De EU parlementsverkiezingen kennen maar 3 smaken: meer EU, minder (andere) EU en geen EU. Iedere partij draagt zo haar redenen aan om voor een van deze drie smaken te gaan. Sommige partijen stellen onomwonden dat ze uit de EU en uit de eurozone (EMU) willen treden. Deze standpunten worden door velen als extreem omschreven, maar is dat wel zo?
Allereerst, is de smaak “minder EU” onzinnig. Net zo goed als een vrouw niet een beetje zwanger kan zijn, zijn er in feite maar twee lange termijn keuzes: in of uit. Neem bijvoorbeeld de SP, die willen een andere EU, maar wel de euro behouden. De euro is onhoudbaar, maar als iemand al in de euro gelooft, dan moet deze persoon ook de EU superstaat willen. Immers, zonder deze EU superstaat is de euro al helemaal gedoemd te mislukken. Het standpunt van de SP is dus vlees noch vis.

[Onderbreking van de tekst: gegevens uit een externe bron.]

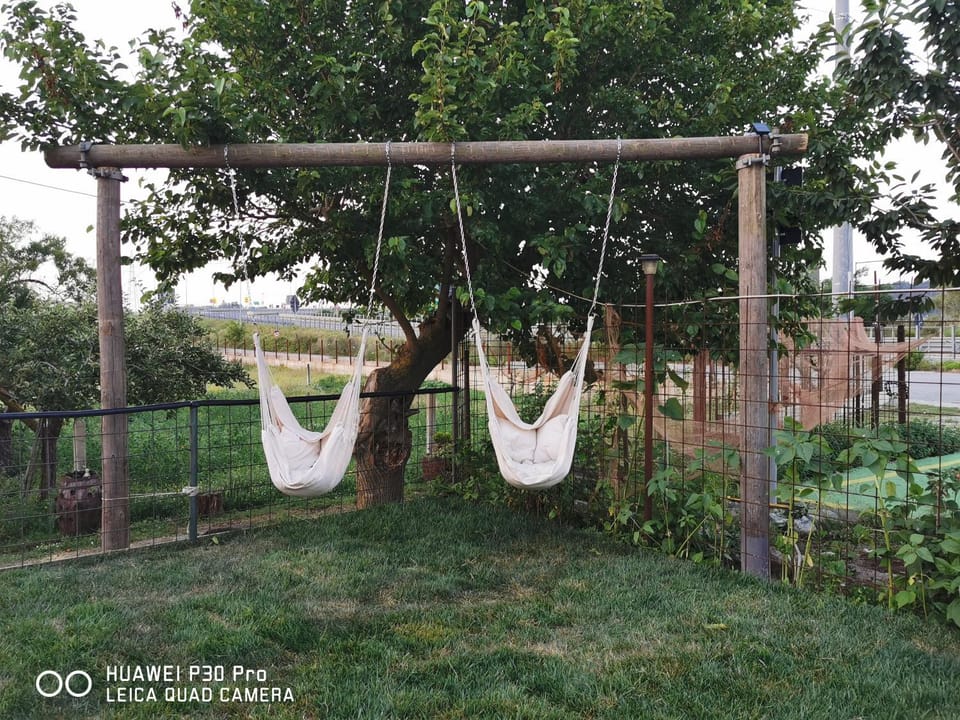 Children play ground, Garden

Erger nog zijn de verschillen tussen wat wordt gezegd door de partijen en wat ze in EU verband uitvoeren. Door het debiele fractiesysteem van de EU zitten zowat alle partijen bij een Europese fractie. Zo zit de VVD en D66 bij de liberale fractie genaamd ALDE, waar Guy Verhofstadt de scepter zwaait. Doordat in deze fractie een hoge mate van stemdiscipline heerst (iedereen moet hetzelfde stemmen) is het effect dus dat VVD=D66=ALDE=Guy Verhofstadt. Het is niet alleen een voorbeeld hoe nationale verschillen (zoals tussen D66 en VVD) verdwijnen op EU niveau, maar ook hoe hypocriet de VVD is. Zij claimen een eurokritische partij te zijn, maar steunen Guy Verhofstadt, de grootste aanhanger van de EU superstaat.

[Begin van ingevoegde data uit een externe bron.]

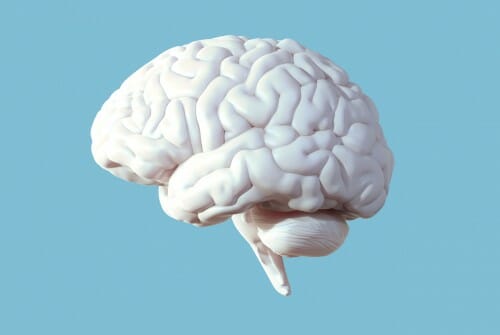Artist's rendering of a human brain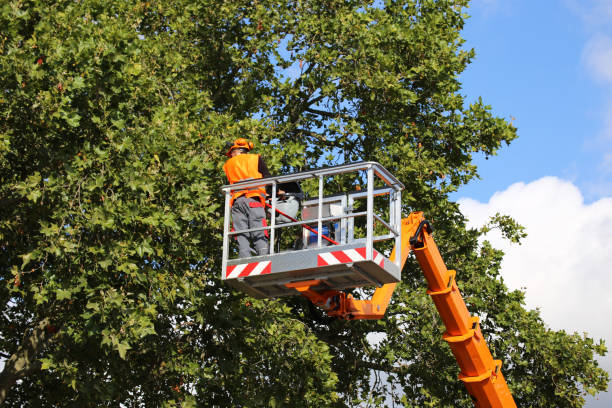 How Our Tree Care Process Works  in Lochbuie, CO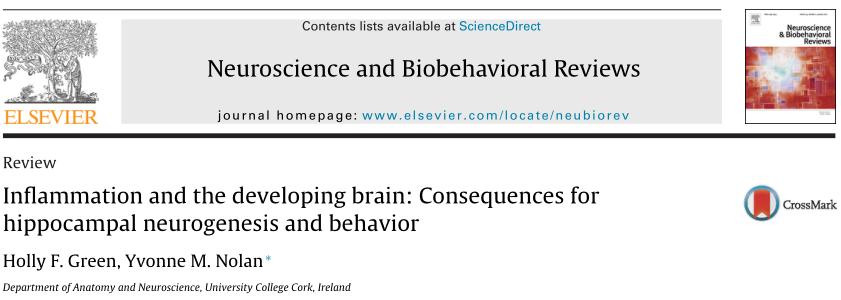 脑炎症会致命吗,脑有炎症用什么药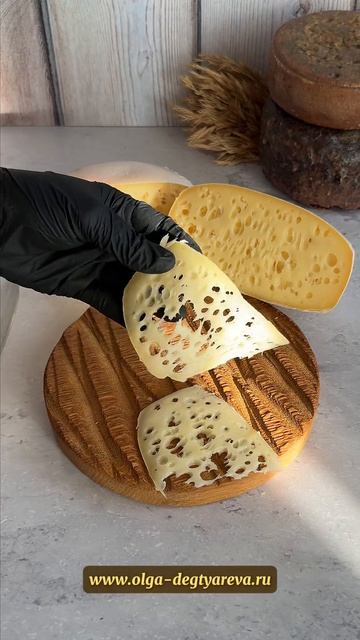 Курс сыроделия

Met deze twee aanmerkingen kan de kiezer het kaf van het koren scheiden. Er zijn maar 2 smaken, in of uit, en sommige partijen liegen over de smaak die zij aanhangen (kijk naar de EU fractie waartoe zij behoren en of ze stemorders hanteren). Voor veel kiezers is dit een keuze tussen iets bekends (in de EU blijven) en iets extreems (uit de EU/EMU). Maar is deze laatste keuze wel zo extreem?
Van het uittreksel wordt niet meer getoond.